--- DATA TO EXAMINE ---
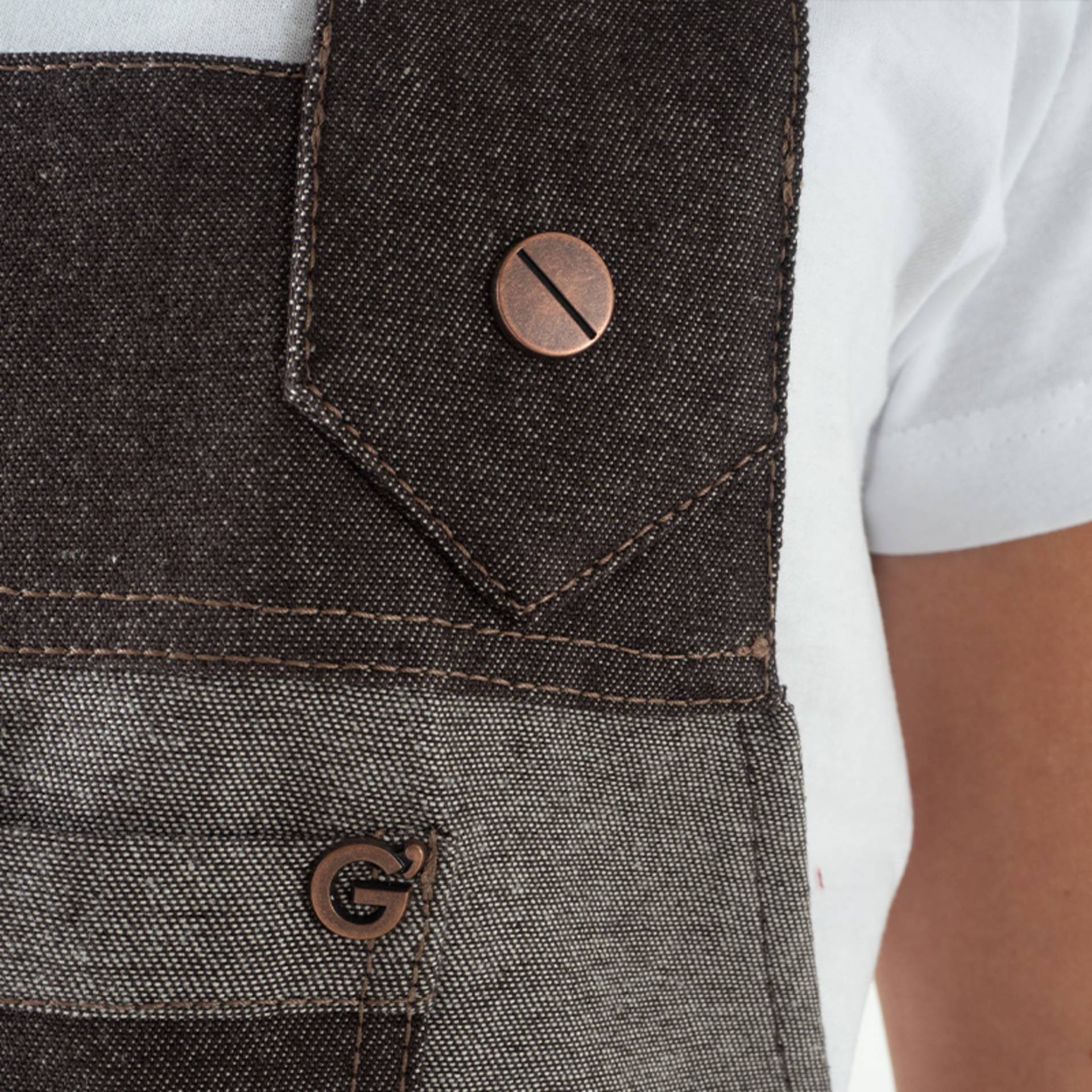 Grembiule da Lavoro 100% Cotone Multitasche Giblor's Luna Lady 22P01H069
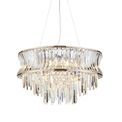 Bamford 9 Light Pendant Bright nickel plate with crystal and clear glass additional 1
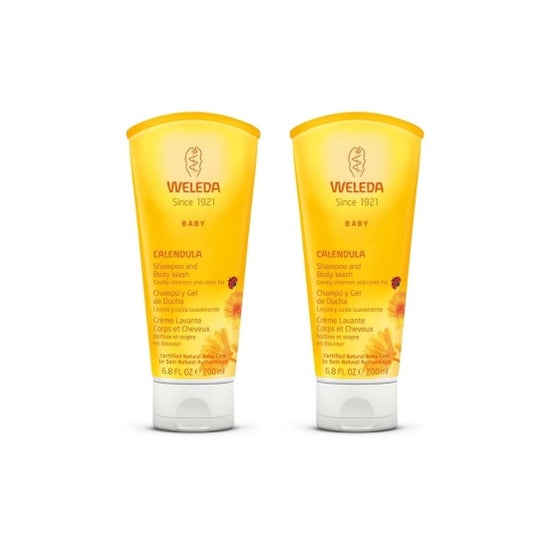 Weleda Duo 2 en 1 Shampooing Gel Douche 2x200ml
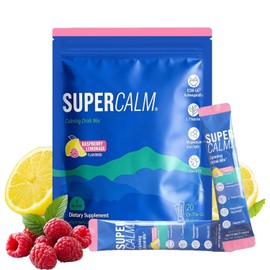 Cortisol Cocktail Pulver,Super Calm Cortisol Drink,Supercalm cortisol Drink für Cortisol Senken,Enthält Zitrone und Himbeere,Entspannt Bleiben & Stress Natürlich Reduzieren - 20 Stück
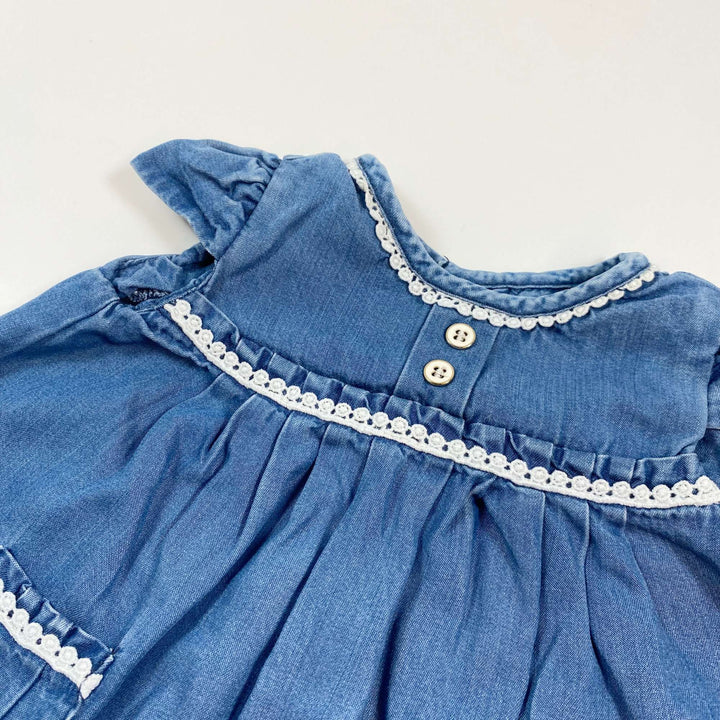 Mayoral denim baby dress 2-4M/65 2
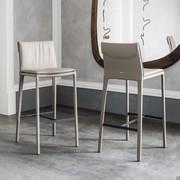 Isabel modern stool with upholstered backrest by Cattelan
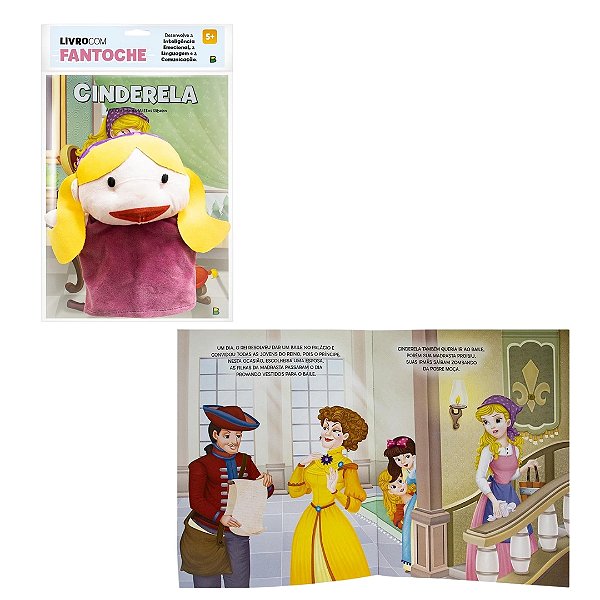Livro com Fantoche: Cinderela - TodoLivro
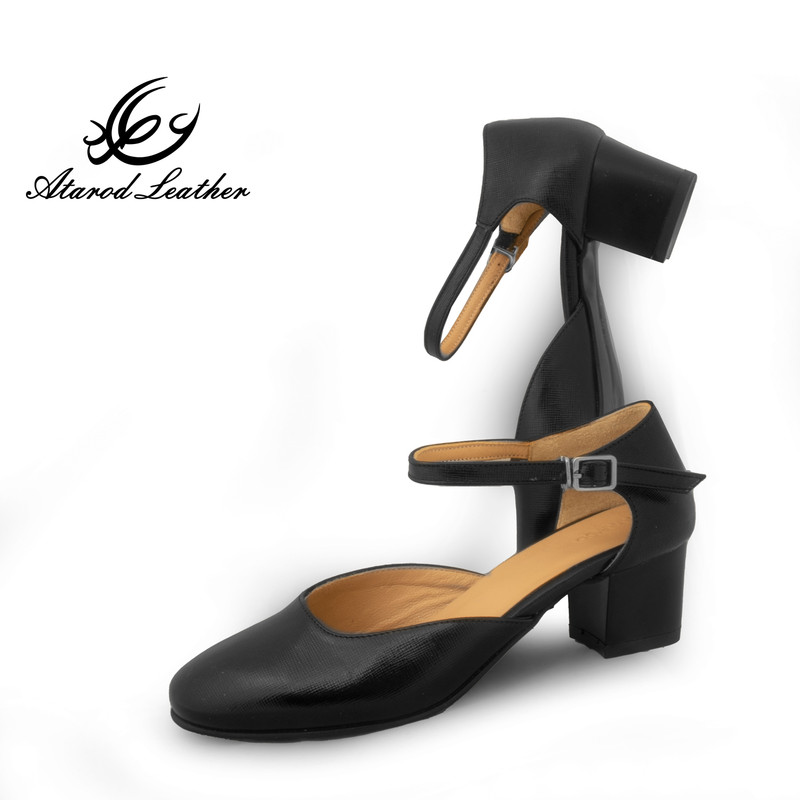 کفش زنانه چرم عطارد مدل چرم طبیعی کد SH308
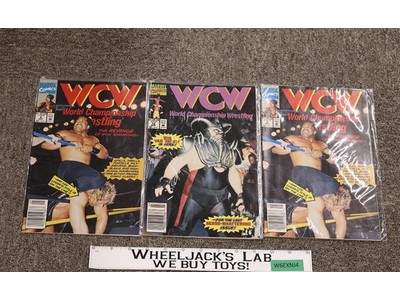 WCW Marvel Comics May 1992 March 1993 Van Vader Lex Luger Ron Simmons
---
TASK TO CARRY OUT:
Leaving the pictures out, transcribe the entries above exactly as written.

SOLUTION FOR THIS TASK:
 Grembiule da Lavoro 100% Cotone Multitasche Giblor's Luna Lady 22P01H069
 Bamford 9 Light Pendant Bright nickel plate with crystal and clear glass additional 1
 Weleda Duo 2 en 1 Shampooing Gel Douche 2x200ml
 Cortisol Cocktail Pulver,Super Calm Cortisol Drink,Supercalm cortisol Drink für Cortisol Senken,Enthält Zitrone und Himbeere,Entspannt Bleiben & Stress Natürlich Reduzieren - 20 Stück
 Mayoral denim baby dress 2-4M/65 2
 Isabel modern stool with upholstered backrest by Cattelan
Livro com Fantoche: Cinderela - TodoLivro
 کفش زنانه چرم عطارد مدل چرم طبیعی کد SH308
 WCW Marvel Comics May 1992 March 1993 Van Vader Lex Luger Ron Simmons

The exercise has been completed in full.